CRANBURY, N.J. (DTN) -- New York Mercantile Exchange West Texas Intermediate and Intercontinental Exchange Brent futures registered their fifth consecutive advance in closing out trade Friday.

The gains came as greater-than-expected production cuts by the Organization of the Petroleum Exporting Countries and trade negotiations between the United States and China scheduled for early next week increased the likelihood for a better-balanced world oil market in 2019, pushing back at the pessimism that dominated the market in December.

In separate surveys, Bloomberg and Reuters reported a sharp drop in OPEC production in December led by Saudi Arabia, with the Saudis expected to cut production by more than 800,000 barrels per day (bpd) from November's record-high rate of more than 11.0 million bpd to 10.2 million bpd this month.

On Tuesday, Jan. 1, a production agreement between OPEC, Russia and nine non-OPEC oil producing countries reducing output by 1.2 million bpd took effect, and runs through June 30. OPEC's responsible for 800,000 bpd of the reduction, although a Saudi Aramco executive said OPEC output would decline by 1.0 million bpd by the end of January, and the cut could deepen to 1.2 million bpd.

The news suggests the Saudis will ensure compliance with the Vienna agreement reached in December, while Russia is expected to slow walk cuts. Russia is reported to have agreed to lower output by 230,000 bpd.

OPEC member Libya is exempt from the agreement, but internal strife is reported to have prompted an 110,000 bpd unintended loss in output to 1.0 million bpd in December. Production could decline further, with militant activity seen harassing oil field operations in the weeks to come in the North African nation.

This week, mandated production cuts in Alberta were set to shut-in 325,000 bpd of Canadian oil production during the first quarter in an effort to clear excess inventory and narrow a steep discount Canadian crude is trading at compared with key world benchmarks. This afternoon, Baker Hughes said there are 20 rigs in operation in Canada, down 78 against the comparable year-ago period.
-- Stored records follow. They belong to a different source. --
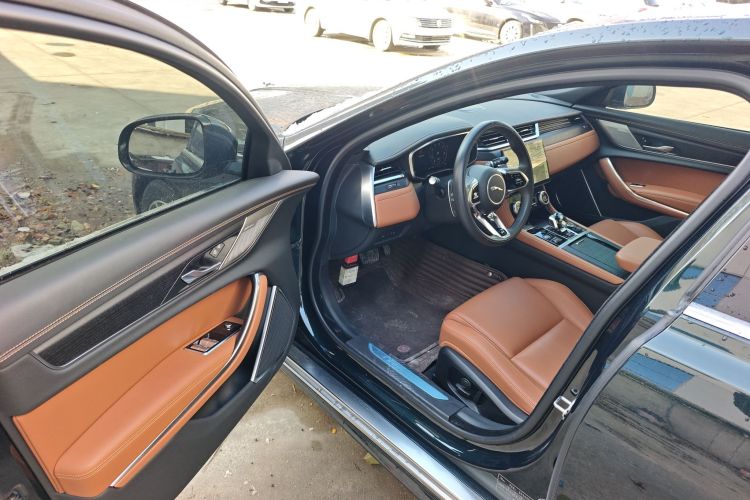 捷豹XFL 2023款 XFL 2.0T P250 两驱精英运动版中控内饰20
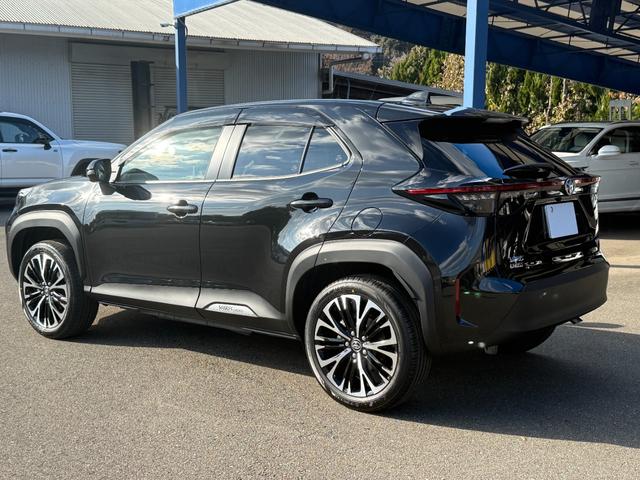 ヤリスクロス ハイブリッドＺ　トヨタチームメイトアドバンストパーク＋パノラミックビューモニター＋パーキングサポートブレーキ／ハンズフリーパワーバックドア／ブラインドスポットモニター／ディスプレイナビ／前席シートヒーター／ＥＴＣ（5枚目）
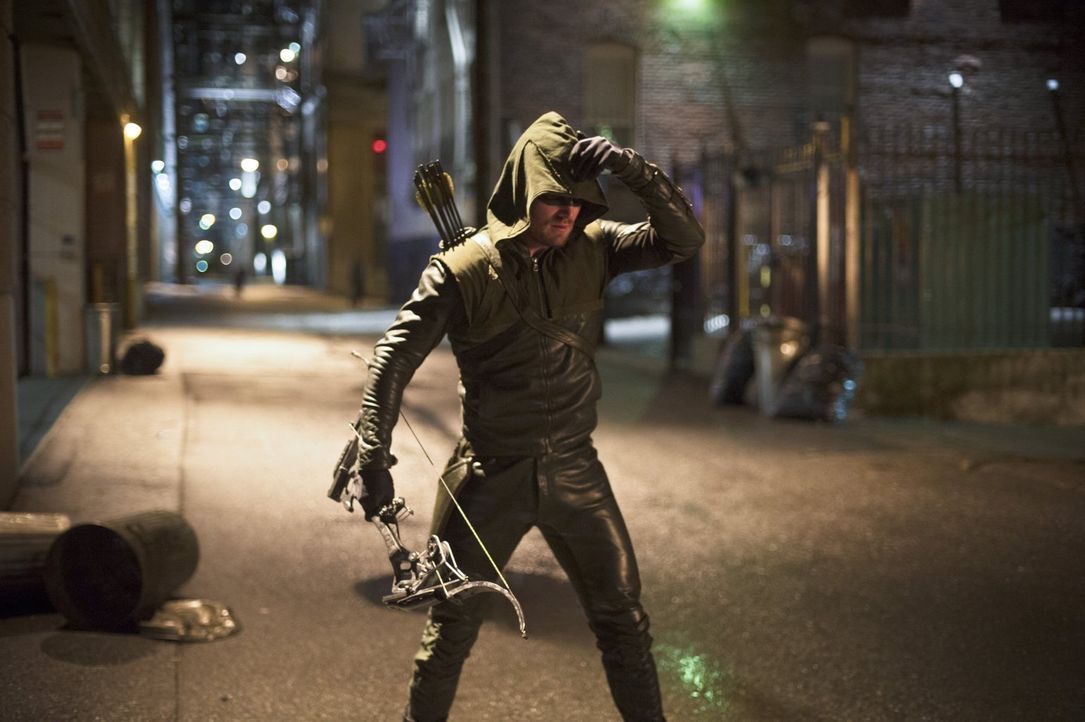 Steht Barry alias The Flash im Kampf gegen Ray Bivolo zur Seite: Oliver Queen alias Arrow (Stephen Amell) ... - Bildquelle: Warner Brothers.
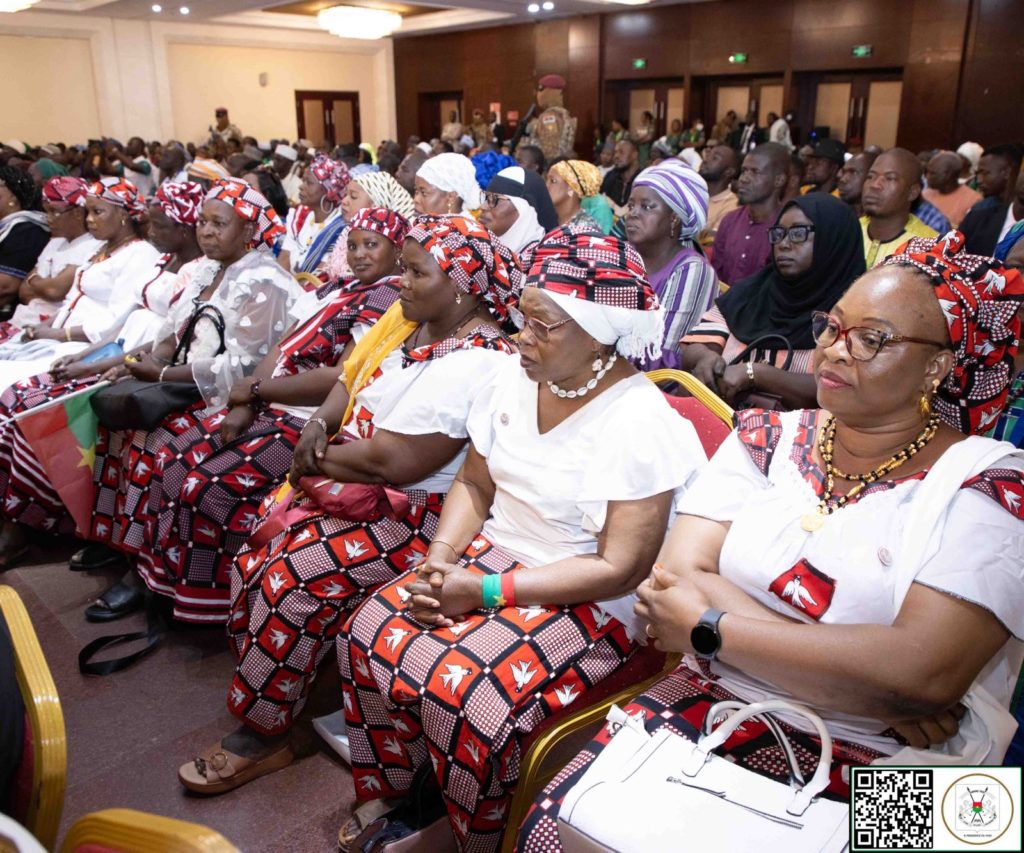 Le Capitaine Ibrahim TRAORÉ face aux compatriotes au Mali : « Le bonheur de notre Peuple se construit par nos propres mains »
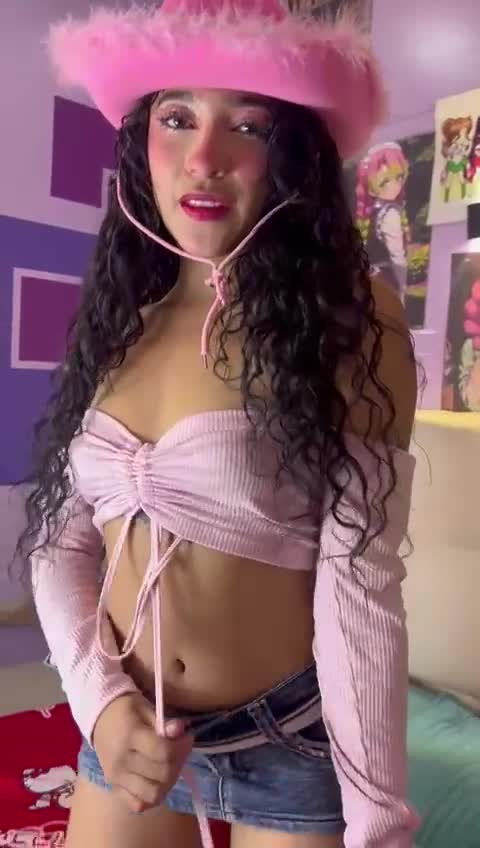 Image 6 of SweettVanessa, female webcam model, 18 years old, on live webcam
As the supply side actions are lending upside price support, a meeting between U.S. and Chinese officials in Beijing Monday, Jan. 7, and Tuesday, Jan. 8, grows the chance of a negotiated settlement between the world's top two economies over their trade disagreements. Tariffs imposed on each country's imports have had a detrimental effect on world growth expectations, and slowed China's economy, with manufacturing slipping into contraction in December. The two countries reached a 90-day truce in their trade dispute on Dec. 1.
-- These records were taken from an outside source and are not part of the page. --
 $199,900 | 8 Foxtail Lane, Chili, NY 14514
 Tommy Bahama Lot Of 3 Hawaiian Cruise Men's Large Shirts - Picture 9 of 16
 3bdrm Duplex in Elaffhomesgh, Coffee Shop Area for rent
Equities rallied on news of the Beijing meeting, with gains accelerating following a morning speech by Federal Reserve Chairman Jerome Powell that suggested the central bank will take a cautious approach in its monetary tightening policy. In December, the Fed hiked the federal funds rate 25 points to 2.5%, with Powell in a follow up news conference last month suggesting the Fed would plod on with its plans hike the key baseline borrowing rate this year, unnerving investors.
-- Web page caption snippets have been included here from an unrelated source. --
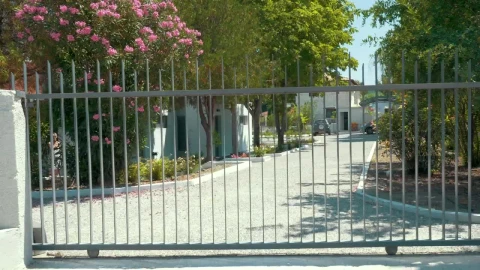 Stock Video Opening Automatic Gates Live Wallpaper - Free Live Wallpaper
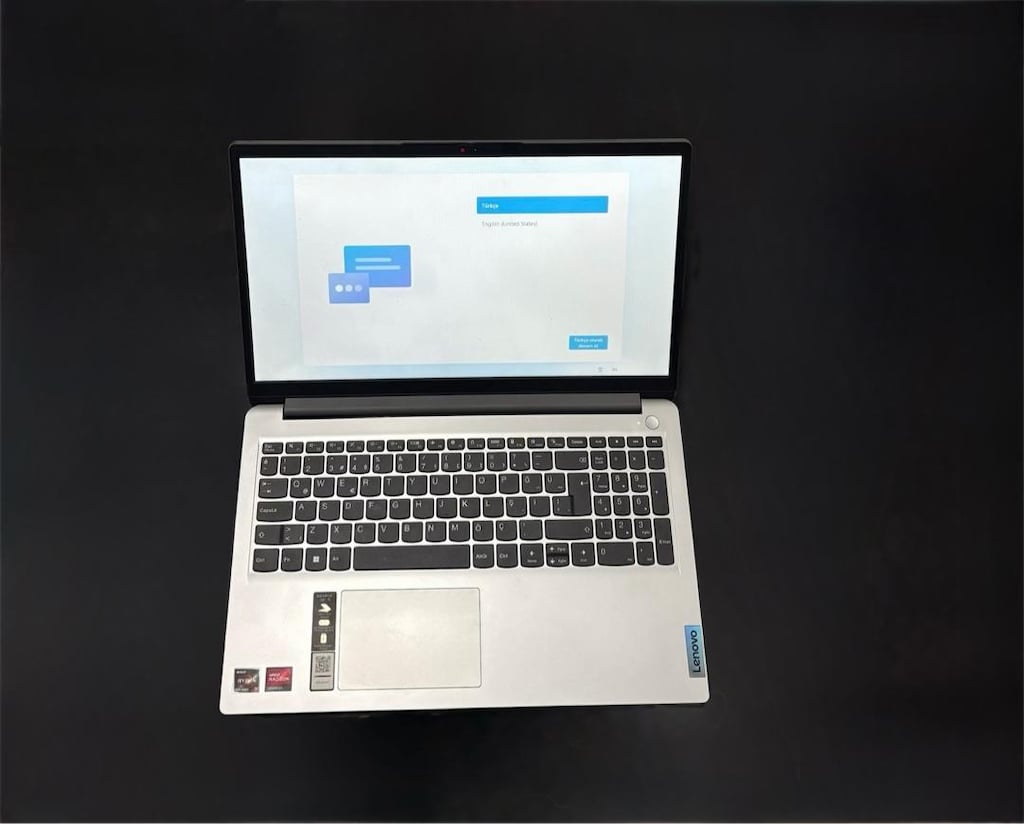 LENOVO İDEAPAD 1 / AMD RYZEN 3 / 256 GB SSD / 8 GB RAM - 2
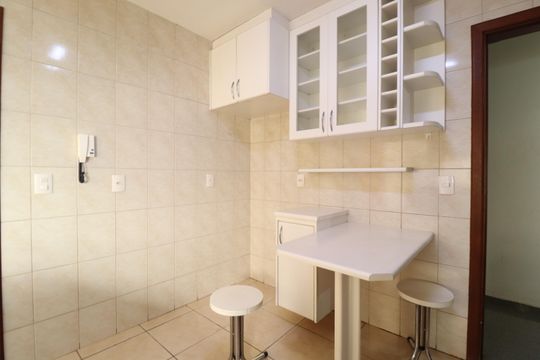 Cozinha de apartamento para alugar com 3 quartos, 94m² em Tabajaras, Uberlândia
The Dow Jones Industrial Average was up more than 700 points, or 3.3%, in late trading, with the S&P 500 Index advancing more than 80 points or 3.4%.

Traders mostly looked past bearish statistics for U.S. oil supply for the week ended Dec. 28 released late morning by the Energy Information Administration. Oil products inventories surged as demand plunged, with the data effected by the holiday.

Implied distillate demand tumbled 1.039 million bpd to a 3.203 million bpd one-year low, with business closures during the Christmas week likely effecting the total. In the United States, diesel demand is primarily used in commercial and industrial sectors.

Gasoline supplied to market also sunk to a one-year low, sliding 726,000 bpd to 8.623 million bpd. Ahead of holidays, wholesalers typically forward position supply.

NYMEX February WTI futures settled up $0.87 at $47.96 bbl.

"Keep an eye out for $50 a barrel, this is a critical level that once we break through a new trend could be starting to the upside," said Phillip Streible, senior market strategist with RJO Futures in a note to clients.

ICE March Brent settled up $1.11 at $57.06 per barrel (bbl), widening its premium to WTI futures for a second session to a better-than-two-week high at $9.10 bbl.

NYMEX February ULSD futures settled up 2.72 cents at $1.7692 gallon, backing off a better-than-two-week spot high at $1.8035 traded ahead of the late-morning EIA report. NYMEX February RBOB futures settled down 0.17 cent at $1.3478 gallon, reversing off a $1.3981 two-week spot high.